Dreamed a decade ago then cured in concrete the past five years, City Creek Center opens in less than three weeks.
So what will be the rules and regs at the $2 billion "Mormon mall"? The operators say it will be "a place for everyone" — indeed, the public do's and don't's are mostly industry standard — but officials omit a Main Street Plaza-size caveat.
Banned will be "any activity or conduct which is detrimental to or inconsistent with a first-class, family-oriented shopping center."
That means no running, yelling, swearing, skateboarding or playing music. Don't try smoking, panhandling, proselytizing or pamphleteering. Better not wear a snarky or offensive T-shirt, low-hanging jeans or any clothes that don't jibe with a "first-class" shopping destination. And while a gay couple's kiss would be OK — even a same-sex marriage proposal at Tiffany & Co. — don't dare snap a picture of it or shoot video with your smartphone. Photography in front of the 90 storefronts is prohibited. Oh, and forget shopping on Sundays.
So "Go for It" and "Make It Yours," as the giant murals command, just be careful with the "it" part.
There is even a "Canine Code of Conduct" for dogs, which are allowed, and doggy bag dispensers will be handy. If you wonder which stores will allow your purse pooch, look for the dog stickers on those shop windows.
Those are the "Rules of Conduct," found on the blue directory signs, governing the two city blocks stretching south from Temple Square. That prompts a question: Since the 23 acres are private property, will the First Amendment be faux, like the creek? Will Utah's new downtown feel like downtown — complete with warts and wonders and people-watching? Or will the heart of Salt Lake City be sanitized?

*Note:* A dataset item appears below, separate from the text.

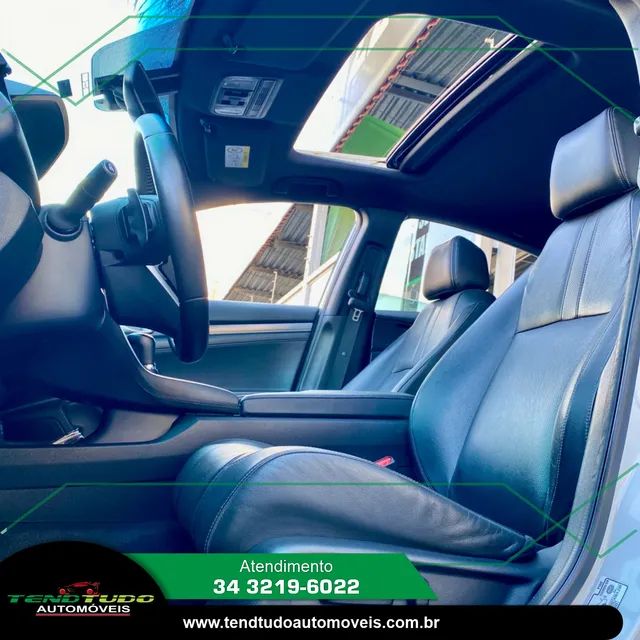 Honda Civic 1.5 Touring 2016/2017. VENDO TROCO FINANCIO - Foto 7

The rules do not come from the LDS Church, whose leaders demurred from any comment on the subject. They were devised instead by mall owner and operator Taubman Centers Inc., which holds a long-term lease and insists the restrictions are identical to Taubman's 25 upscale shopping centers across the nation.
"There are some myths and concerns that are not valid," explains Linda Wardell, City Creek's general manager. "City Creek Center will be operated exactly like every other Taubman center in our portfolio. The reason that the church brought Taubman into this is because of the way we operate our retail environments."
Wardell says City Creek's Illinois-based IPC International security team will be carefully trained and that "90 percent" of incidents typically are handled by a friendly conversation — not by forced expulsion or arrest. The rules are set to foster high-end shopping, Wardell says, and "preserving that type of experience" is the priority.
The sensitivity lies in the location. The 700,000-square-foot center occupies a prominent patch of downtown. And the rules apply not just inside but outside — from the showcase courtyards draped with waterfalls and the creek to the re-created (and now private) Regent and Richards streets. The latter connect South Temple and 100 South on both blocks — but unlike the stores, which shutter at 9 p.m., the "streets" will remain open for 24 hours. In fact, City Creek wants foot traffic after Jazz games or Gallivan concerts. But the rules still rule.
"You take a big chunk of downtown and make it a no-speech or limited-speech zone and it does have a big effect on livability and the quality of life you're trying to create," says Stephen Clark, an attorney who served as legal director for ACLU of Utah during the Main Street Plaza controversy.
Clark anticipates similar problems that dog the LDS Church's plaza. City Creek patrons may think they're on public space only to be confronted by private-property signs and uniformed guards who tell them to put away camera phones or turn their insulting T-shirts inside out. He worries about "imprecise judgment calls" and says City Creek seems to present the perfect case for the Utah Supreme Court to examine what is appropriate where private property and public function converge.
" 'First-class, family-oriented shopping center' seems vague," Clark adds. "It begs the question that's being debated across our society on a daily basis: What kind of families are we talking about?"